Now I’m well aware there are many who will disagree with me regarding the use of devotionals for Quiet Times.  And that’s totally fine! (I am not at all saying I think it’s wrong to do this, just not generally wise if its taking the place of you going directly to God’s Word – though if Jesus leads you to do this, by all means follow Him!!!)  But I know my dates with my husband wouldn’t be the same if someone else came along and I just listened to this person, no matter how wise or eloquent he was, tell me what he thought about what my husband said.  For a counseling appointment or at a dinner party that’s fine, but on a date I want to hear and experience Jim directly! :0)  And it’s the same in my times with the Lord.

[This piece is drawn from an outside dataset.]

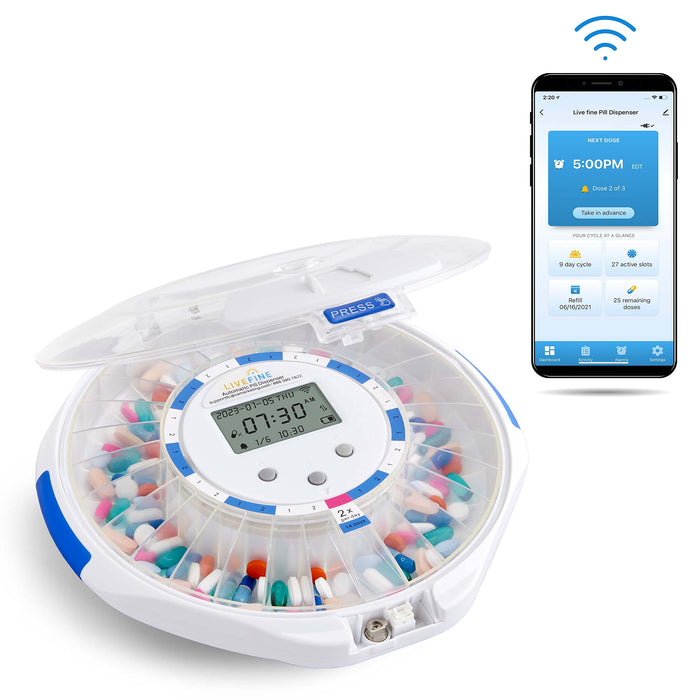 LiveFine Smart WiFi Automatic Pill Dispenser, 28-Day Pill Organizer with Lock Key & App - Clear Lid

b.   Enjoying a quiet time this way promotes growing in dependence on the Lord… not other people

I believe this is especially important when following up a new or young believer. Remember how 1 Peter 2:2 talks about how key “pure spiritual milk”  (or as the KJV says “the sincere milk of the Word”) is for growing?  A daily quiet time is a prime time for taking this in.

It’s so easy for young believers to develop a dependence on other people, to let others do their thinking for them, and then to be intimidated by how well written or how brilliant the thoughts in the devotional are and think, “I could never come up with anything like that.” So instead of directly learning to listen to the Holy Spirit teach them from His Word, they become dependent on people.

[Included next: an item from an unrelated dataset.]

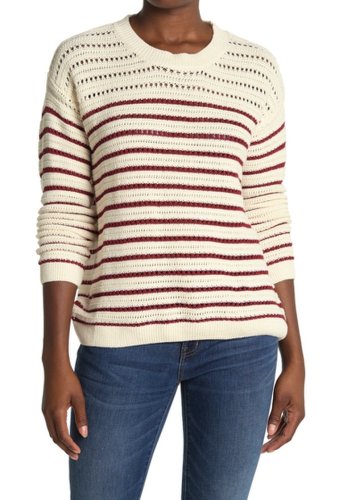 Imbracaminte femei all in favor striped pointelle knit pullover sweater cream-red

c.  Enjoying a quiet time this way helps people grow in valuing God’s Word

The Bible is not another book among books.

2 Timothy 3:16 states, “All Scripture is God-breathed and is useful for teaching, rebuking, correcting, and training in righteousness so the man of God may be thoroughly equipped for every good work.”

And we’re told in Hebrews 4:12 “The Word of God is living and active, sharper than any double edged sword.  It penetrates even to dividing the soul and spirit, joints and marrow, it judges the thoughts and attitudes of the heart.”

And in 2 Peter 1:20 we’re told, “But know this first of all that no prophecy of Scripture is a matter of one’s own interpretation. For no prophecy was ever made by an act of human will, but men moved by the Holy Spirit spoke from God.”

And in Isaiah 55 the Lord himself pleads, “Listen, listen to me and eat what is good and your soul will delight in the richest of fare” and then He compares His Word to the rain watering the earth and promises, “So is my Word that goes out of my mouth it will not return to me void, but will accomplish the purpose I have for it.”

What other book is like this?!!!

As I often say, my words are like .5 cents compared to God’s Word being a million dollars.  So let’s say the words of the most eloquent, mature Christian writer are worth $20.  What’s that compared to God’s Word?!  If I really care about someone don’t I long for them to maximally be enriched?!!!

d.  Enjoying a quiet time this way can help us learn in small bites to meditate on God’s Word and apply it

It’s work learning to meditate on God’s Word and diligently apply it.  This is why a daily quiet time is a discipline and as Hebrews 12:11 tells us, “No discipline seems pleasant at the time, but painful.  Later on, it produces a harvest of righteousness and peace for those who’ve been trained by it.”  Did you catch that?  No discipline! Not one!  So this is not an easy thing to integrate into your life.

Reading a book can be a whole lot easier!  For me, reading is like a sweet reward.  It’s what I do to relax, refresh, recharge.  It’s all too easy to take the easy route – and really miss out!

Remember for growth you can’t “just read.” There also needs to be meditating on what you’re reading and then application.  Otherwise you end up like the foolish builder in Matthew 7 whose house came crashing down because it was built on sand.  This foolish man heard the Word, he just didn’t do anything in response to it!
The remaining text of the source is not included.